Implementing the 3-Month Rule: A Practical Approach for Scalable Coding in Startups
In the realm of startups, advice that encourages “doing things that don’t scale” is often heard, particularly from influential figures like Paul Graham. However, the actual implementation of this principle in the coding process is less frequently discussed.
Over the past eight months of developing my AI podcast platform, I have established a straightforward framework: every non-scalable hack is granted a lifespan of three months. At the end of this period, we evaluate whether it has demonstrated value and warrants further development or if it should be retired.

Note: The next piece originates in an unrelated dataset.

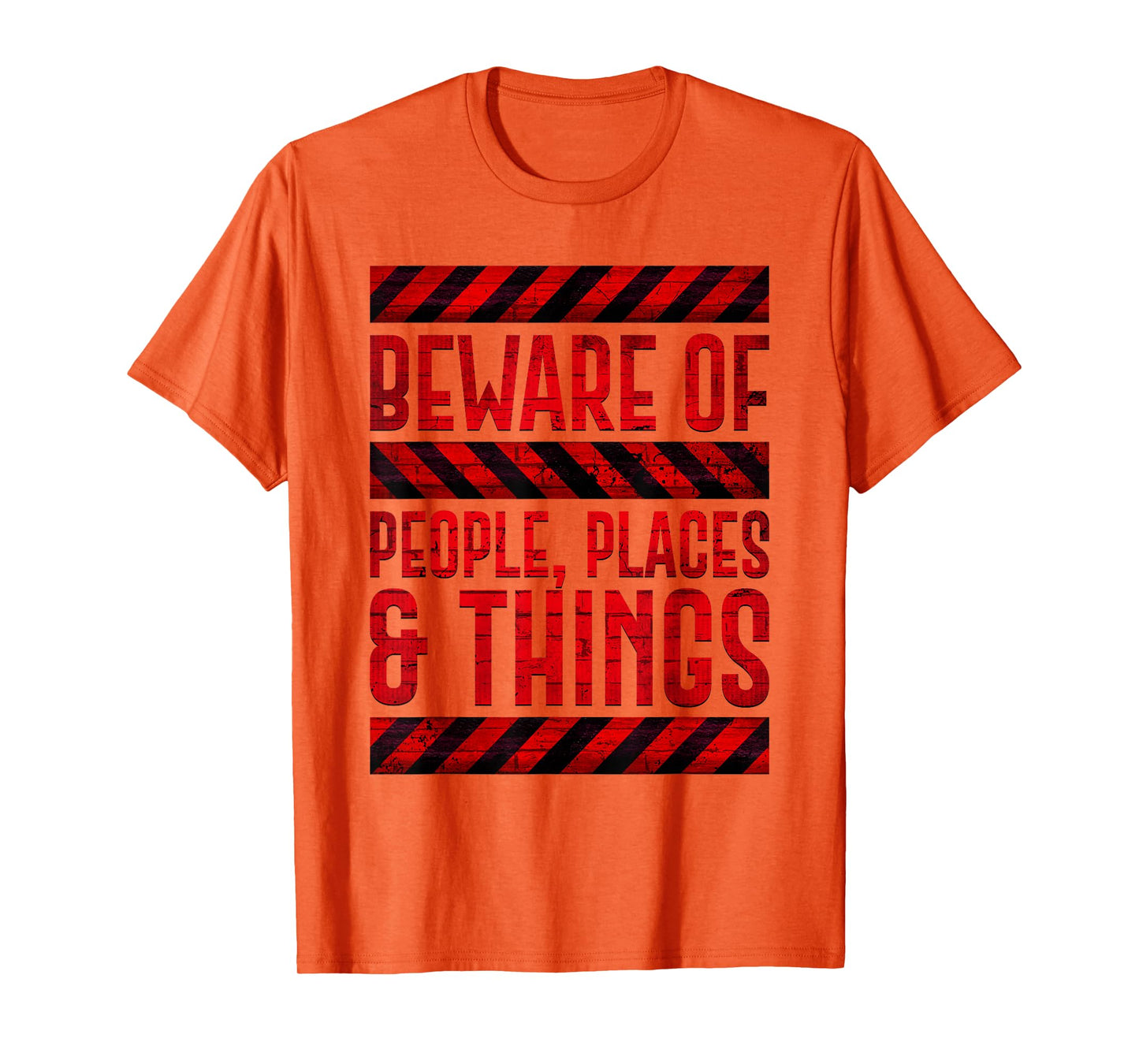 Beware Of People Places And Things Red Pattern T-Shirt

The reality is, as engineers, we are conditioned to prioritize scalable solutions from the outset—think design patterns, microservices, and distributed systems. While these sophisticated architectures can effectively cater to millions of users, they often represent an overly ambitious mindset for startups.
In many cases, investing time into scalable code can amount to expensive procrastination. We end up optimizing for future users who may never materialize and addressing potential problems that might not even exist. By adhering to my 3-month rule, I focus on crafting simple and direct “imperfect” code that can be deployed quickly, allowing me to gain insights into what users genuinely need.
My Current Infrastructure Hacks: Simplicity Over Complexity
1. Consolidation of Resources on a Single VM
I currently run my entire infrastructure—database, web server, background jobs, and caching—on a single virtual machine costing $40 per month. This setup has no redundancy and involves manual backups to my local system.
Why is this approach beneficial? Within just two months, I’ve gleaned more about my actual resource needs than any capacity planning document could offer. My platform, presumed to be AI-intensive, only peaks at 4GB of RAM. The Kubernetes architecture I nearly implemented would have led to managing empty containers instead.
When issues arise (which they have on two occasions), I gain valuable data about failure points—surprisingly, they’re never what I anticipated.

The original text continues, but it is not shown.